Comparison of MSDB with existing microsatellite databases based on (A) the number of species for which data are available, and (B) database features and functionality aDoes not support dynamic filtering of the results; the filtering parameters should be selected initially bComparison only across different strains of same species cGrouping only based on the kingdoms dOnly a tabular view of the data without dynamic filters eFiltering only based on the type of repeat fOnly pie charts available MTRD: Microorganism Tandem Repeats Database (http://minisatellites.u-psud.fr); UgMSD: UgMicro SatDb (http://veenuash.info/web1/index.html); KMD: Kazusa Marker Database (http://marker.kazusa.or.jp/); PMDBase: Plant Microsatellite DNAs Database (http://www.sesame-bioinfo.org/PMDBase/index.html); TRDB: Tandem Repeats Database (https://tandem.bu.edu/cgi-bin/trdb/trdb.exe?taskid=0); FMS: FishMicro Sat (http://mail.nbfgr.res.in/fishmicrosat/); MICAS: http://www.mcr.org.in/micas/; EMSDb: EuMicroSat Db (http://www.veenuash.info/); SSRome: http://mggm-lab.easyomics.org/; MSDB: MicroSatellite DataBase (https://data.ccmb.res.in/msdb)

MATERIALS AND METHODS

Data sources

All genomic data was obtained from RefSeq and GenBank databases of NCBI, and the UCSC genome browser (19–21).
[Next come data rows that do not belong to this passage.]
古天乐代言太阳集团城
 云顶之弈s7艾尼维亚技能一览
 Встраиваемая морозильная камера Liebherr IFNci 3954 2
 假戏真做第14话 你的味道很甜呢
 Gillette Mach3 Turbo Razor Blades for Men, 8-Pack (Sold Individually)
Sequence information was downloaded in FASTA format, and the genic annotations where available were downloaded in GFF/GTF format. If a species was available in both RefSeq and GenBank, the RefSeq version was chosen as they are better curated and annotated than their GenBank counterparts. Preference was given to assemblies with better contiguity (chromosomes > scaffolds > contigs). If multiple genomes of the same assembly level were available, the most recently released version was chosen. We have verified that the most recent version had the highest N50 in all cases. For genomes from UCSC, the latest build for a species was chosen, and one previous build if available (e.g. hg38 and hg19 builds for humans). In addition to the sequences, other information about the species such as its phylogenetic classification was recorded. All genomes were given a unique MSDB ID before further processing.

Identification of repeats

Microsatellites from genomic sequences were identified using PERF (22). PERF classifies 5356 possible permutations of 1–6 nt long DNA motifs into 501 unique classes of microsatellites based on the cyclical variations and strand of the motif sequence (Supplementary Figure S1 and Table S1). A minimum length cutoff of 12 nt was used for all motif sizes. The output of PERF is a TSV file that follows BED format specification to describe the location and other information of the identified microsatellites. In addition to the FASTA input, gene annotations were provided to PERF in GFF/GTF format (where available), based on which the nearest gene for each microsatellite was identified along with the distance to the nearest TSS (transcription start site). Further, microsatellites were classified as exonic, intronic or intergenic repeats. PERF prints all information in a TSV file, one for each genome. The final output was sorted by chromosome order before it was added to the database.

Database design

The backend of MSDB is powered by MySQL, and queried and accessed using the Python-based Django framework as the middleware. The redesigned database consists of two tables; the genomes table stores all information about the available genomes in the database, and all microsatellite information are stored in a single large repeats table (Supplementary Figure S2). The repeats table is indexed on several keys to optimize retrieval of querysets. Most queries are optimized by the ORM (object relational model) of Django, which primarily employs lazy querysets to avoid repeated database hits. In addition, a cache is used to store information such as queryset counts to prevent unnecessary/redundant count queries. This improves the speed and responsiveness of the entire web interface and minimizes the computational overhead on the server.

Web interface

The front end of MSDB is an SPA (single-page application) built using VueJS (https://vuejs.org/) and Element UI (https://element.eleme.io/). The entire state of the website is stored in a single JavaScript object, which is valid across the tabs of the website. This ensures that the pages remember user selections and other settings until the website is reloaded again. Basic microsatellite information is pre-calculated and stored in species-specific JSON files, which are retrieved and used for rendering plots quickly.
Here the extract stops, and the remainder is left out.